Samuel R. Delany, New York, NY, 1987

American author, professor, and literary critic, Samuel R. Delany (b. 1942) is best known for his science fiction novels, including Babel-17 (1966), The Einstein Intersection (1967), Nova (1968), Dhalgren (1975), and the Return to Nevèrÿon series (1979–87).

Born in New York City and raised in Harlem, his father owned and ran a local funeral home, and his mother was a library clerk for the New York Public Library. Delany’s grandfather was the first African American Bishop of the Episcopal Church, and his aunts were pioneering civil rights activists, Sadie and Bessie Delany, whose adventures inspired two characters in “Atlantis: Model 1924,” the opening novella in his semi-autobiographical collection Atlantis: Three Tales (1995). As a child, Delany attended the Dalton School and the Bronx High School of Science. He dropped out of City College of New York after one semester, and by age 20, he published his first novel, The Jewels of Aptor (1962).

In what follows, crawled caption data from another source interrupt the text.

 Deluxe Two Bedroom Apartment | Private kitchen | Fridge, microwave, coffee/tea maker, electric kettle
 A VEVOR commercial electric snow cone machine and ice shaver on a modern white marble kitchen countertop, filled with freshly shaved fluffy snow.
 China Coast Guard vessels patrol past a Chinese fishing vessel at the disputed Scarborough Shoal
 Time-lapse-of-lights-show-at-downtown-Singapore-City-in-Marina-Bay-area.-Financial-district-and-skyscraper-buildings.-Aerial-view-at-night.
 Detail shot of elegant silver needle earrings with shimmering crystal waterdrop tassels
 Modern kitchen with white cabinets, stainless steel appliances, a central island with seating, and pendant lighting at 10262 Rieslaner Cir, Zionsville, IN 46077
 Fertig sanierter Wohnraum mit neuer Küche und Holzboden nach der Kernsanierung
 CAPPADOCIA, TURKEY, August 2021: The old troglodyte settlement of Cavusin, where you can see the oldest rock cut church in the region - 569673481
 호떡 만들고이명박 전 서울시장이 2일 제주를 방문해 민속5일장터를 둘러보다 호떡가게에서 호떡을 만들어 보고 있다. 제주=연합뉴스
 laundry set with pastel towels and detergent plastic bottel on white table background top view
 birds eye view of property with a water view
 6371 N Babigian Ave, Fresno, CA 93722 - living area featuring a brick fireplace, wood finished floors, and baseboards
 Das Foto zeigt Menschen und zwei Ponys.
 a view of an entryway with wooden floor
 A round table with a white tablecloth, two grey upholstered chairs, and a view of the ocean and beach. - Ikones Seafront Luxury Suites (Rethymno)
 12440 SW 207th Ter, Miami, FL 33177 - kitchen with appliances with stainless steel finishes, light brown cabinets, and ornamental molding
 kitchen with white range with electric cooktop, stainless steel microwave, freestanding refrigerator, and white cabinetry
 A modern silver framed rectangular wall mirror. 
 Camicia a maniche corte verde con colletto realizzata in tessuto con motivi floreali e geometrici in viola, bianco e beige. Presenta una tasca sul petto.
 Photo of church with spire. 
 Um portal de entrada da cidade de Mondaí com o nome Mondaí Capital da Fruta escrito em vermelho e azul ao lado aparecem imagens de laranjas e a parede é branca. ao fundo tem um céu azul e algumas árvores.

Although Delany has identified as gay since adolescence, he had a tumultuous, fourteen-year marriage with poet Marilyn Hacker, whom he met in high school; they separated in 1975 and divorced in 1980. Since 1991, he has been in a committed relationship with Dennis Rickett. Throughout his career, recurring themes in Delany’s novels have included mythology, memory, language, sexuality, and perception, while class and social mobility became more significant motifs in his later fiction and non-fiction writings. Even though he never earned a degree, he has held professorships at various universities since 1988 and has been professor of English and Creative Writing at Temple University in Philadelphia since 2001. He has won four Nebula awards and two Hugo awards for best science fiction works over the course of his career and was inducted into the Science Fiction and Fantasy Hall of Fame in 2002. His 2007 novel Dark Reflections won a Stonewall Book Award.